Why You'll Love This
A stolen book, a dragon summoned from a skin-bound journal, and a college friendship tested by the worst possible crime — Joe Hill swings for epic and lands it.
- Great if you want: dark academia crossed with full-throttle dark fantasy
- The experience: sprawling and immersive — the 896 pages earn every one
- The writing: Hill blends dread and warmth with a storyteller's precise instinct for momentum
- Skip if: you prefer tight, contained stories over ambitious ensemble casts
About This Book
There are stories about college that romanticize the life of the mind, and then there's King Sorrow — which takes that romance and twists it into something darker, stranger, and far more alive. Arthur Oakes arrives at Rackham College in Maine with books, dreams, and the beginnings of something real with a girl named Gwen. What he doesn't expect is to be cornered into a crime that could destroy everything he loves. What follows is a story about loyalty, desperation, and the terrifying things we're willing to do — and summon — to protect the people who matter most.

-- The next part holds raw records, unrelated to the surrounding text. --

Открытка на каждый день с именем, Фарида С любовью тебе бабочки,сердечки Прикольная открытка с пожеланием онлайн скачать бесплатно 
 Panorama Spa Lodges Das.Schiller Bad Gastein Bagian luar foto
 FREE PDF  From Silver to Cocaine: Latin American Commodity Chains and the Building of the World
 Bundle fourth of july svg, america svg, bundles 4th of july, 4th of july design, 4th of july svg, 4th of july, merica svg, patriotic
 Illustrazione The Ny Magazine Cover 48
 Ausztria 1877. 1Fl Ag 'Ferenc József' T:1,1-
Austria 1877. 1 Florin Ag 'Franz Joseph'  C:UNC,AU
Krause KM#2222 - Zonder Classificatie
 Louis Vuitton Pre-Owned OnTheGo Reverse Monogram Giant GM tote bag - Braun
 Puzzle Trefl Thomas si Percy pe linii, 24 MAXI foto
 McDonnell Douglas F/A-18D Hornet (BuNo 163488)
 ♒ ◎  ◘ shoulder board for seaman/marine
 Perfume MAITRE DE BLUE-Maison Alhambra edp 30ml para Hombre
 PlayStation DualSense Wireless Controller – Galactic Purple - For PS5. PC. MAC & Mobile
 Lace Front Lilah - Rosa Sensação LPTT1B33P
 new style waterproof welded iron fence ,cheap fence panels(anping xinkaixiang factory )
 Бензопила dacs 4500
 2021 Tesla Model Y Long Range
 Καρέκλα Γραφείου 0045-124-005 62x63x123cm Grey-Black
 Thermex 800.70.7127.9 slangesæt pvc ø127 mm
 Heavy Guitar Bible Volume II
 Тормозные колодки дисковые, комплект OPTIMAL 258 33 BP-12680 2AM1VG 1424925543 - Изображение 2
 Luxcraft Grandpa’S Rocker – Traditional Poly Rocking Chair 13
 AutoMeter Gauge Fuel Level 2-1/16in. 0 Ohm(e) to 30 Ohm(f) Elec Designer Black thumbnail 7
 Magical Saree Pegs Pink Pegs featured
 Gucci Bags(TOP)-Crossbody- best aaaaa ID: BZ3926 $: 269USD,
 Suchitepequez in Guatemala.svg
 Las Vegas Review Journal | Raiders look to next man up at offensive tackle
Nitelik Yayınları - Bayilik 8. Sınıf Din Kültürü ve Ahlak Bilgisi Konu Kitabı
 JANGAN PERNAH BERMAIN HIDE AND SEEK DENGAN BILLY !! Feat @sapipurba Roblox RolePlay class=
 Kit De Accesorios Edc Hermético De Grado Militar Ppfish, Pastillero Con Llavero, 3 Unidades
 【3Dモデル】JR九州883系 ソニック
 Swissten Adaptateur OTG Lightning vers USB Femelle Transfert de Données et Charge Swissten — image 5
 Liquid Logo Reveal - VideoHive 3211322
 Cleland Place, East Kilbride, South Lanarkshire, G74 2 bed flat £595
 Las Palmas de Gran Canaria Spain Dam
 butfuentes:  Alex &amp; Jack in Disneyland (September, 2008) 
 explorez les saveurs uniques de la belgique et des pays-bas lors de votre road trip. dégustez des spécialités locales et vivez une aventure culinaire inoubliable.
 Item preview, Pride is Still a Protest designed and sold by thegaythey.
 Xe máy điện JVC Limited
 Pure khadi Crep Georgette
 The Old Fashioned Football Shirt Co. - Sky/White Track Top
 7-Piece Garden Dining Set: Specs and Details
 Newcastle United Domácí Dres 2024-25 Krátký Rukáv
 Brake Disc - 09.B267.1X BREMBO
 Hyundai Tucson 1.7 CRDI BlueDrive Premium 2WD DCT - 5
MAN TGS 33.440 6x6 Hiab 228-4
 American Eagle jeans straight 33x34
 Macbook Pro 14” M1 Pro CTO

Joe Hill writes with the kind of propulsive, feverish energy that makes 896 pages feel like they pass too quickly. The novel earns its length by building a world that feels genuinely inhabited — Rackham College has atmosphere to spare, and the ensemble of characters around Arthur is richly drawn rather than merely functional. Hill balances dark fantasy with grounded emotional stakes in a way that keeps the supernatural feeling dangerous rather than decorative. This is a big book that knows exactly what it's doing.